2/69 Armor was assigned to Camp War Horse in Iraq. By Mid 2005 Primary elements of 2/69 Armor 3rd Brigade 3rd Infantry Division was re-deployed to Ramadi Iraq, replacing elements of the 2nd ID. They ran joint missions with 2nd Mar Div. and elements of the Pennsylvania National Guard and the 2/130th Infantry of the Illinois National Guard who was redeployed as to Al Taquattum as the infantry battalion.

OIF V
The division redeployed to Fort Stewart and Fort Benning in January 2006. On 17 November 2006, the Army announced that the Third Infantry Division is scheduled to return to Iraq in 2007 and thus become the first Army division to serve three tours in Iraq. The division headquarters became the leadership organization of MND-C (Multi-National Division Central), a new command established south of Baghdad as part of the Iraq War troop surge of 2007.

In support of operations in Baghdad, the unit 3rd Squadron, 7th Cavalry was detached from 3ID and assigned by General Petraeus to 3rd BCT, 82nd Airborne who was under the command of the 1st Cavalry Division. In 2008, 82nd Airborne and 1st CAV redeployed home, and 3–7 CAV was handed over to 3rd BCT, 4th Infantry Division under the command of the 25th Infantry Division. They would remain under this command until 3–7 CAV's redeployment back to Fort Stewart, being reattached to the 3rd Infantry Division. Similarly, 1st Battalion, 64th Armor was detached from 3ID and attached to 2nd BCT, 1st Infantry Division under 1st Cavalry Division, and later under 2nd BCT, 101st Infantry Division under command of 4th Infantry Division.
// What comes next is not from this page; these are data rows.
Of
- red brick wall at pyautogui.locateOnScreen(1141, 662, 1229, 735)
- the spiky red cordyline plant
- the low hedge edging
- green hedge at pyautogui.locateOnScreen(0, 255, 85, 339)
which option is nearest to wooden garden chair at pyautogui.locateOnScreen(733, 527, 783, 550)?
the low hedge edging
Reassignment of 1st Brigade
In the fall of 2008, the 3rd Infantry Division's 1st Brigade was assigned to serve as the on-call federal response force under the control of NORTHCOM, the combatant command assigned responsibility for the continental United States. The brigade remained at its home station of Fort Stewart, Georgia, and "is training to deploy domestically in response to terrorist attacks or other national emergencies." The brigade will be trained in responding to WMD attacks, crowd control, and dealing with civil unrest.

The force was renamed "Chemical, biological, radiological, nuclear, or high-yield explosive Consequence Management Response Force". Its acronym, CCMRF, is pronounced "see-smurf", and the unit is now under the daily control of United States Northern Command's Army North, whose mission is to "protect the United States homeland and support local, state, and federal authorities." The unit is a multi-branch force with servicemembers from the four branches of the United States Department of Defense.
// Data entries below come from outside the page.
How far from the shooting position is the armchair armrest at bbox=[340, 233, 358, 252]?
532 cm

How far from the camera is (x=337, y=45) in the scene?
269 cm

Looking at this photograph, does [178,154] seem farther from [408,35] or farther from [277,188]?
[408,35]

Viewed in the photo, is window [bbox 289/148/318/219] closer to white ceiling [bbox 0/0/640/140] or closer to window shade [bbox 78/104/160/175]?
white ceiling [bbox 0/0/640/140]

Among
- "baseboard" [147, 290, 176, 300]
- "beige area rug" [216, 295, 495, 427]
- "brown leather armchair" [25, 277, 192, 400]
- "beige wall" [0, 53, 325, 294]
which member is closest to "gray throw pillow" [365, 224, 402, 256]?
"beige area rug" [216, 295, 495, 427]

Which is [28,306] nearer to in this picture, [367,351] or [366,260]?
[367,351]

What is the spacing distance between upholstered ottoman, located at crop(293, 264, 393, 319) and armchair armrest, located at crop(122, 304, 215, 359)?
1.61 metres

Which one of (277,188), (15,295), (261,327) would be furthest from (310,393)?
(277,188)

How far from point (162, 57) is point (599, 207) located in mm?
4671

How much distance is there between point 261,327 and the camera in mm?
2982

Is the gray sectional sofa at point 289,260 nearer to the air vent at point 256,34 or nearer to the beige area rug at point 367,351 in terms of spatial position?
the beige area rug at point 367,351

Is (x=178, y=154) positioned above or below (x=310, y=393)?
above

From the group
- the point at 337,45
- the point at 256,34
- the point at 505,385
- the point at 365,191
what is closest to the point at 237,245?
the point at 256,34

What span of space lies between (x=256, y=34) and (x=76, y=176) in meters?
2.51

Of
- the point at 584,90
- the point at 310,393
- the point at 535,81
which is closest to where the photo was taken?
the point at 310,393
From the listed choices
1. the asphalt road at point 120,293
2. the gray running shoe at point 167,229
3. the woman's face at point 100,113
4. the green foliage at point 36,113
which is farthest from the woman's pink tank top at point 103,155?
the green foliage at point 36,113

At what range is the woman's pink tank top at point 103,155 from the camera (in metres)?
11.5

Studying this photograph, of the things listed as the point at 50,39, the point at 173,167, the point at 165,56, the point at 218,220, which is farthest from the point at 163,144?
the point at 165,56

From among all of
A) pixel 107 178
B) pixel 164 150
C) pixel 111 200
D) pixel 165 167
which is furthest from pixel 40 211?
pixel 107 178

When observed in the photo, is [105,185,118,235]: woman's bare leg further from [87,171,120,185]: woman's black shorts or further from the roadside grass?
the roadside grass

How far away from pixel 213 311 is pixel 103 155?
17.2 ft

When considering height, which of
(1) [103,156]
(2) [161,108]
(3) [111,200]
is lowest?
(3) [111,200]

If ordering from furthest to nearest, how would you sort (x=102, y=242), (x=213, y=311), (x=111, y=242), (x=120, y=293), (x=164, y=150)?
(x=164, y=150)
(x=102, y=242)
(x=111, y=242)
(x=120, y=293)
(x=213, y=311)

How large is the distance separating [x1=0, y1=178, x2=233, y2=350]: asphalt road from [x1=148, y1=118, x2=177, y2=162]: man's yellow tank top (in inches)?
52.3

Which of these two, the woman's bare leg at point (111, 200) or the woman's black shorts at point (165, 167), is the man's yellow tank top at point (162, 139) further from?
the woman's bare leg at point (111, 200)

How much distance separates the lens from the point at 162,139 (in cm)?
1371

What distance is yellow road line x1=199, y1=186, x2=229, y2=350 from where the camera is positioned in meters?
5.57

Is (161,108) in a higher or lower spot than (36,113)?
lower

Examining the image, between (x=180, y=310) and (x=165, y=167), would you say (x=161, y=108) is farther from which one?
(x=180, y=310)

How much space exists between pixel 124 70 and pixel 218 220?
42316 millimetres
Reorganization of 4th Brigade
In March 2009, 4th Brigade reorganized from a mechanized or heavy brigade to a light infantry brigade. As part of this reorganization, 4th Battalion, 64th Armor was reflagged as 3rd Battalion, 15th Infantry Regiment.

OIF VII

The 3rd Infantry Division assumed command of the Multi-National Division-North, now United States Division-North, in October 2009. This milestone marked the division's fourth tour in support of Operation Iraqi Freedom (I, III, V, and VII). The division has elements operating in every area of Iraq as the mission changes from Operation Iraqi Freedom to Operation New Dawn on 1 September 2010. With the advent of Operation New Dawn, the focus will shift from combat operations to stability and advise and assist operations throughout all Iraq's provinces.

In the course of Operation Iraqi Freedom up until 24 September 2010, 436 members of the division were killed in action

Operation Enduring Freedom

The Combat Aviation Brigade, 3rd Infantry Division deployed to Afghanistan for a 13-month tour. The brigade was the first unit from 3ID to deploy to Afghanistan. During that tour 3rd CAB soldiers flew about 26,000 missions, including 800 air assaults, and were responsible for about 2,500 enemy casualties.
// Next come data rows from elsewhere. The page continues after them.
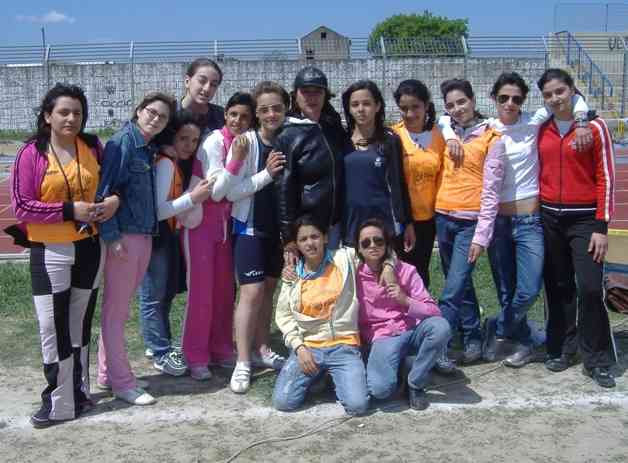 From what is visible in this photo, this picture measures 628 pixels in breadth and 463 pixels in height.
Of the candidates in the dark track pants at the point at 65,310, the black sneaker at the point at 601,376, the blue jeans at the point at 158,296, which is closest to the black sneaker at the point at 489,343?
the black sneaker at the point at 601,376

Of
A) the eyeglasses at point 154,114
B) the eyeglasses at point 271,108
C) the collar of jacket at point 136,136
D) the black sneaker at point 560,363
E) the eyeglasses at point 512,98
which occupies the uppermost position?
the eyeglasses at point 512,98

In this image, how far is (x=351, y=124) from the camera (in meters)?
4.74

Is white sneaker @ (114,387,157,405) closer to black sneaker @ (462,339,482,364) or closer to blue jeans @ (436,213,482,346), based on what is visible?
blue jeans @ (436,213,482,346)

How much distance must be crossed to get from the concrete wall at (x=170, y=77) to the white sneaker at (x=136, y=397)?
20.7 meters

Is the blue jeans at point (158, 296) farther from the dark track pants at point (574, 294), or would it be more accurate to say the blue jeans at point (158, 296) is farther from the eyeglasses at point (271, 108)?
the dark track pants at point (574, 294)

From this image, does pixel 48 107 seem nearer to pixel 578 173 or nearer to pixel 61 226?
pixel 61 226

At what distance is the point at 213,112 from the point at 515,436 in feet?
9.63

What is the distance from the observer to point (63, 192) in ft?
13.0

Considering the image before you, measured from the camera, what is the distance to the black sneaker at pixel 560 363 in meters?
4.88

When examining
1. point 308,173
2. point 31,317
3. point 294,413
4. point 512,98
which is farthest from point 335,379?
point 31,317

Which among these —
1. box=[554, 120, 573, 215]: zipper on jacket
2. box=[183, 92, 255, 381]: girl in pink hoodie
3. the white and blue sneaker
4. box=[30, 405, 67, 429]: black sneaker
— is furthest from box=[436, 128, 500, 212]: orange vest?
box=[30, 405, 67, 429]: black sneaker

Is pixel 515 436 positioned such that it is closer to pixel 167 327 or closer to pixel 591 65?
pixel 167 327

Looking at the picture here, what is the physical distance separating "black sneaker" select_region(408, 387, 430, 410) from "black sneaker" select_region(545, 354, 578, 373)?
1047mm

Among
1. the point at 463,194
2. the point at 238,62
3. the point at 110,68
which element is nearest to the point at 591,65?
the point at 238,62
3rd CAB is slated to deploy to Afghanistan again in January 2013. The 2500 soldiers will deploy with 3rd Special Troops Battalion for a 9-month tour. The Marne Air will be operating out of Kandahar Airfield in the RC-South area-of-operations, relieving the 25th CAB.

Both the 3rd CAB and 3rd STB will fall under their parent division when the 3ID Headquarters and Headquarters Battalion deploys in August and takes over command of RC-South from 82nd Airborne Division HQ.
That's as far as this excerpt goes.